Couche-Tard est déjà solidement implanté aux États-Unis
Une fusion entre Seven & i et ACT se heurterait à des défis réglementaires considérables. Couche-Tard est déjà solidement implanté aux États-Unis avec des milliers de magasins sous sa marque Circle K. L’ensemble représenterait un mastodonte du commerce de proximité difficile à faire valider par les autorités.
« Une question fondamentale est de savoir comment organiser la cession de 2 000 magasins ou plus, qui se chevauchent et devront être vendus à un acheteur viable, crédible et indépendant », a souligné Seven & i lundi.

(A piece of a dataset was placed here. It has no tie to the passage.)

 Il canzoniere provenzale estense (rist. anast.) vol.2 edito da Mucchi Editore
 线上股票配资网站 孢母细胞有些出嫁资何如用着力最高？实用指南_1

Jusqu’à présent, ACT souhaitait conclure un accord avant d’identifier les magasins à céder. Un scénario jugé trop risqué par Seven & i, qui refusait « d’entrer aveuglément dans un accord de fusion sans perspective claire sur sa finalisation ». Le groupe japonais se montre désormais plus ouvert et explore avec ACT un « plan de désinvestissement crédible et réalisable » qui permettrait une évaluation plus réaliste de la proposition de Couche-Tard.
7-Eleven bientôt recentré sur le Japon ?
Couche-Tard reste optimiste. Dans une déclaration transmise samedi à l’AFP, le groupe canadien s’est dit persuadé « qu’il existe une voie claire pour obtenir les approbations réglementaires » aux États-Unis. Il affirme avoir déjà identifié un portefeuille de magasins susceptibles d’être cédés. Mais la perspective d’un mariage demeure incertaine. « Seven & i a toujours l’intention de lutter contre ce qui est de facto une OPA hostile de la part d’ACT », analyse Roy Larke, du cabinet JapanConsuming. Selon lui, Seven & i pourrait préférer se délester d’une partie de 7-Eleven pour se recentrer sur le Japon. « Un accord pourrait être conclu pour fusionner leurs activités aux États-Unis, mais les difficultés antitrust restent un obstacle majeur », estime-t-il.
Jeudi dernier, Seven & i a justement annoncé son projet d’introduire en Bourse à Wall Street sa branche 7-Eleven américaine d’ici fin 2026. Objectif : lui offrir une plus grande autonomie décisionnelle et une flexibilité financière accrue pour mieux s’adapter aux exigences du marché local. Le dossier est suivi de près par le gouvernement japonais, qui considère Seven & i comme une entreprise « essentielle ». Un quart des 7-Eleven se trouvent au Japon, où ces supérettes omniprésentes offrent une gamme étendue de services, des plats à emporter aux billetteries de concert.